> **MATERIAL FOR THE TASK**
• • •
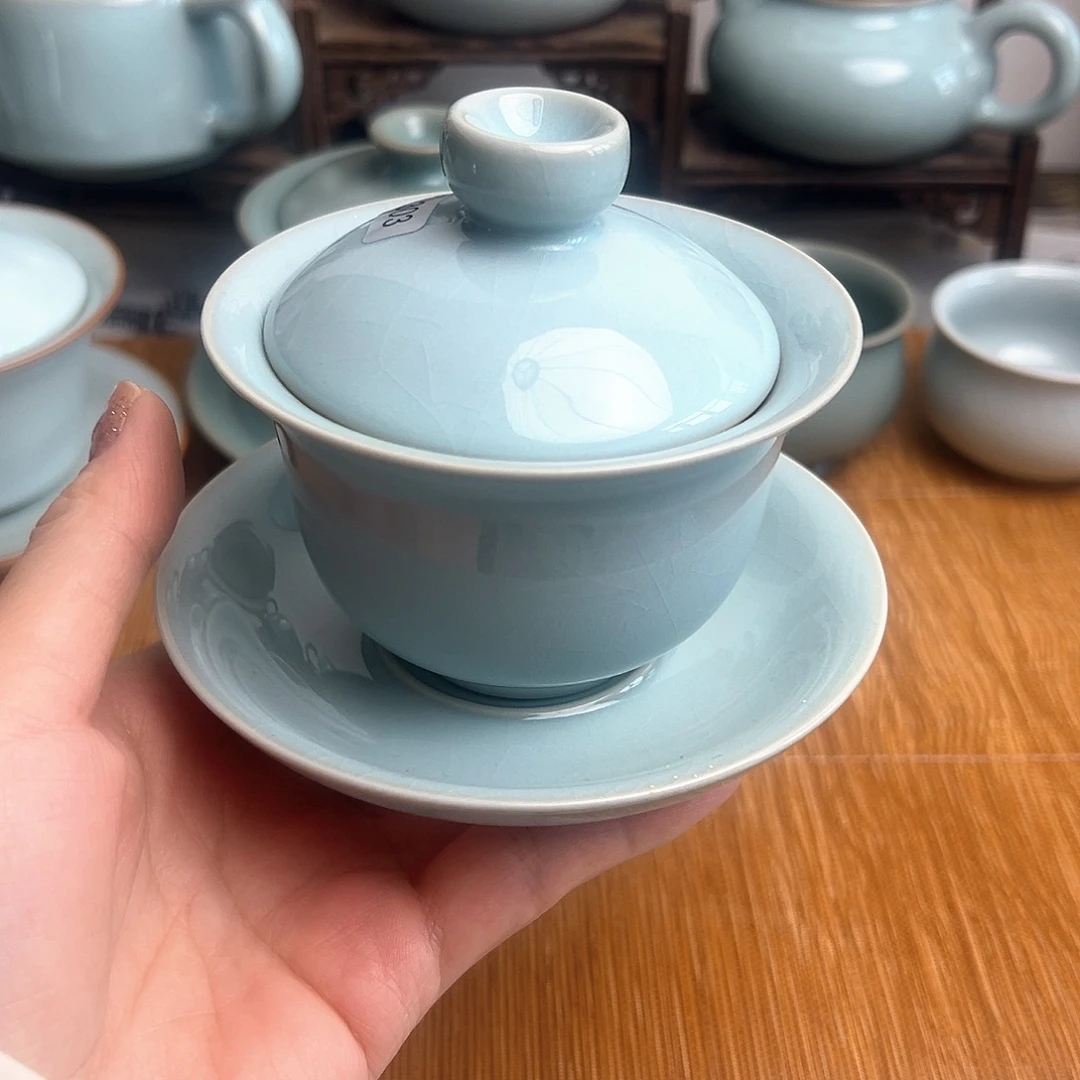 瓷片天青色大瑕元宝盖碗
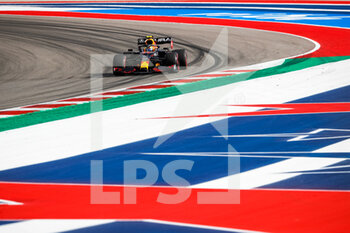 2021-10-23 - 11 PEREZ Sergio (mex), Red Bull Racing Honda RB16B, action during the Formula 1 Aramco United States Grand Prix 2021, 17th round of the 2021 FIA Formula One World Championship from October 21 to 24, 2021 on the Circuit of the Americas, in Austin, Texas, United States of American - FORMULA 1 ARAMCO UNITED STATES GRAND PRIX 2021, 17TH ROUND OF THE 2021 FIA FORMULA ONE WORLD CHAMPIONSHIP - FORMULA 1 - MOTORS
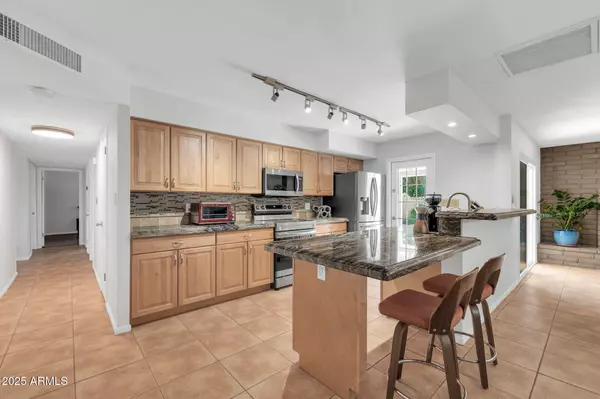 Phoenix, AZ 85021,1643 W HARMONT Drive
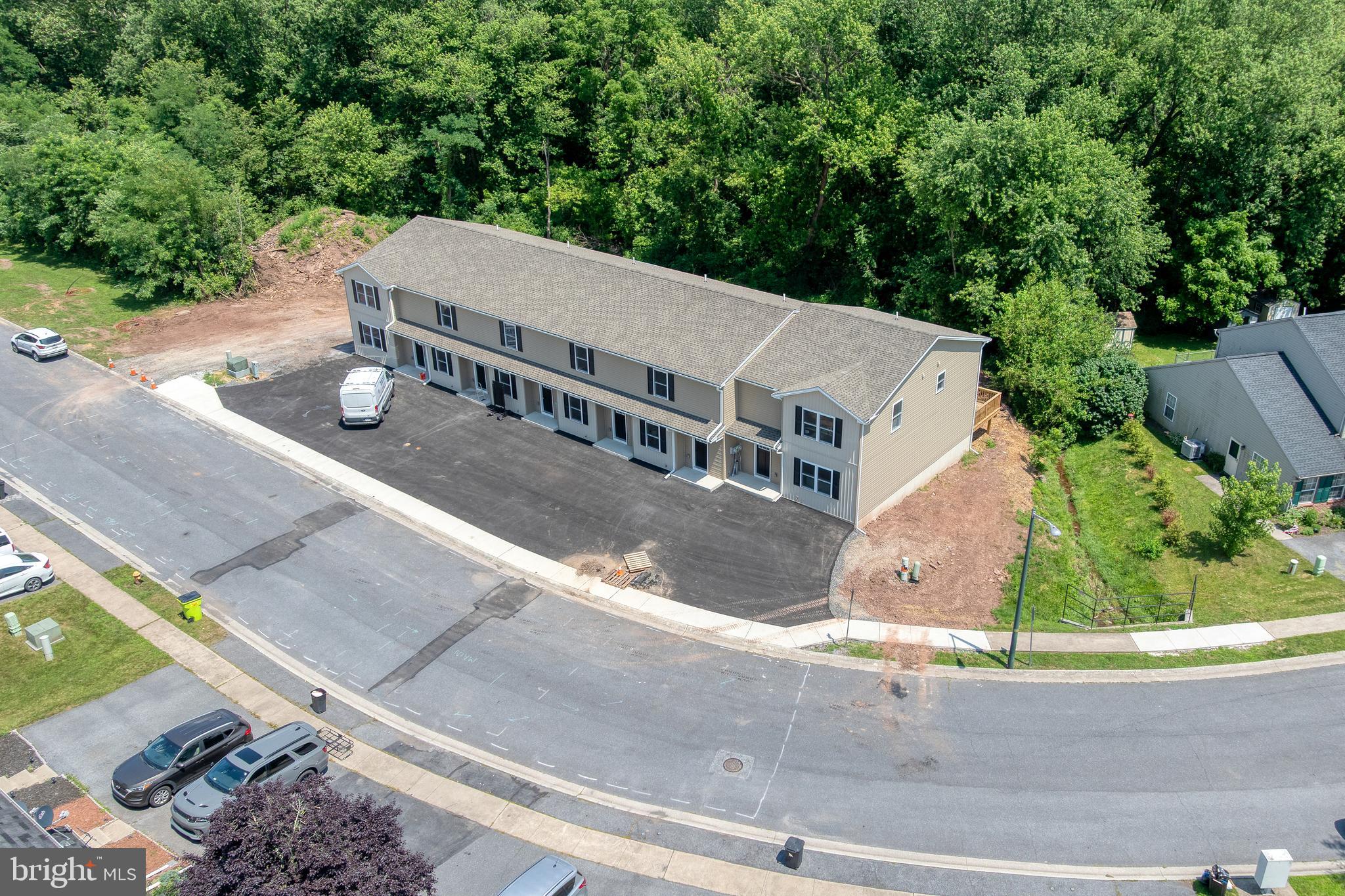 PETERSBURG COMMONS - Residential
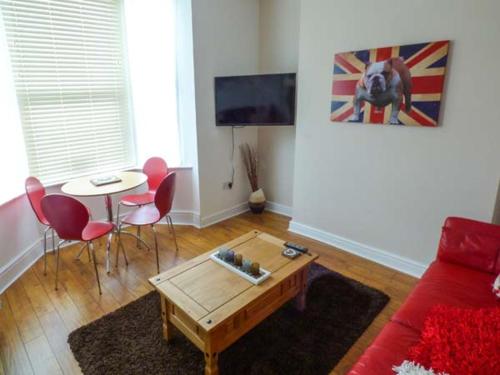 Flat 1 Accommodation image 3 Flat 1 image three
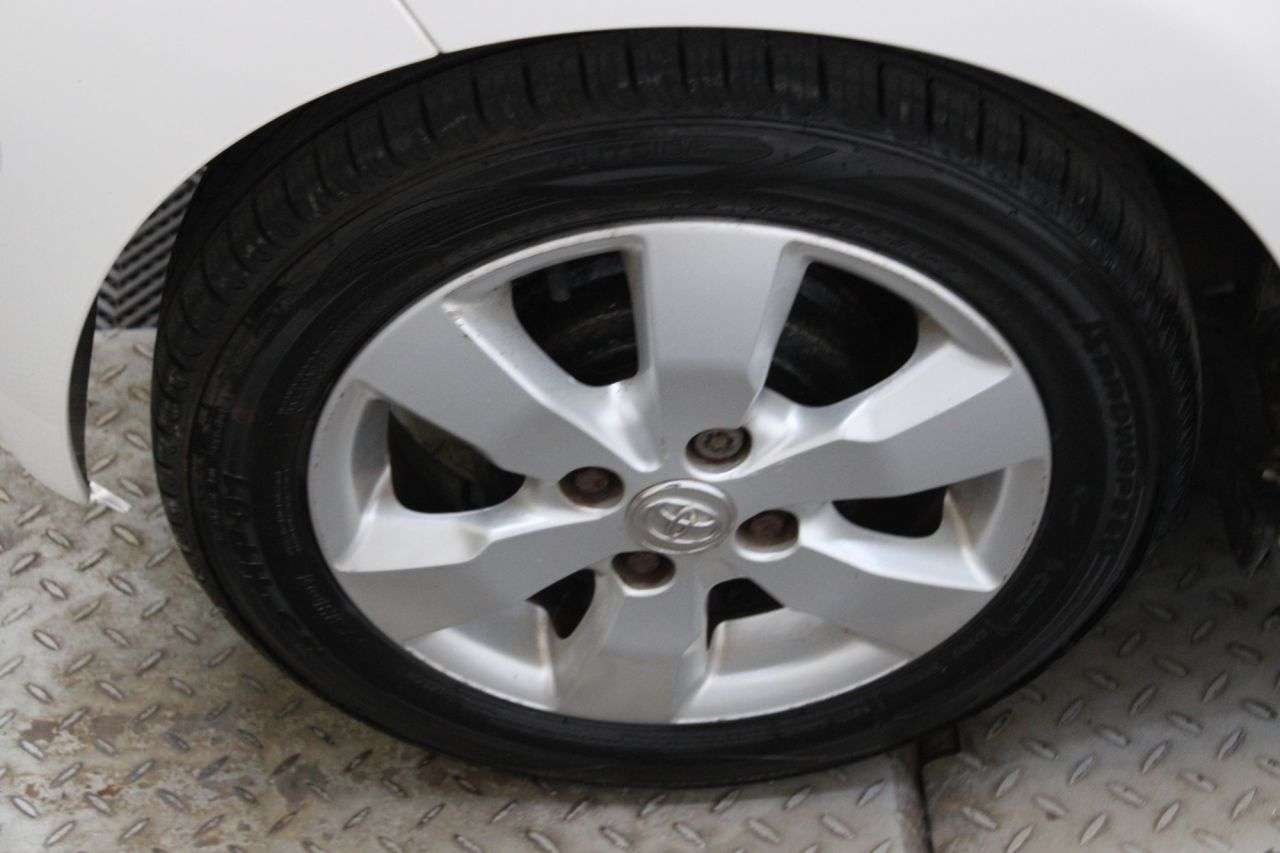 2011 TOYOTA AYGO 2011 TOYOTA AYGO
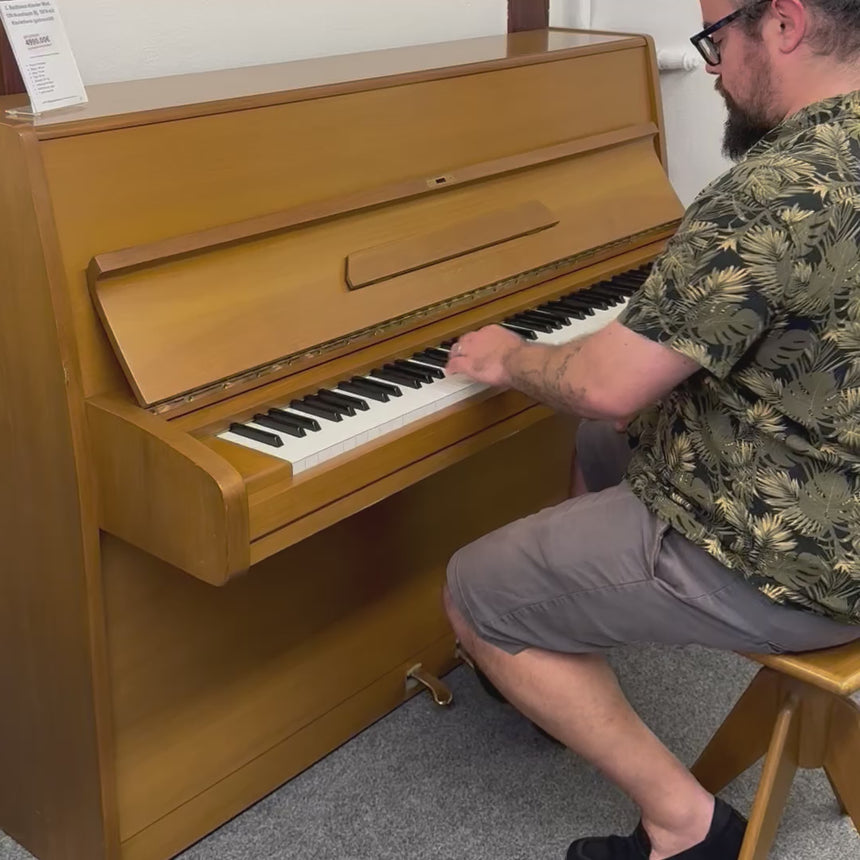 Piano C. Bechstein modèle 12N, fabriqué en 1974 (d'occasion)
• • •
An answer containing only the lines from the one holding "Phoenix, AZ 85021,1643 W HARMONT Drive" through the close of the entries above, reproduced exactly and stripped of pictures, is expected.

> **TASK ANSWER**
 Phoenix, AZ 85021,1643 W HARMONT Drive
 PETERSBURG COMMONS - Residential
 Flat 1 Accommodation image 3 Flat 1 image three
 2011 TOYOTA AYGO 2011 TOYOTA AYGO
 Piano C. Bechstein modèle 12N, fabriqué en 1974 (d'occasion)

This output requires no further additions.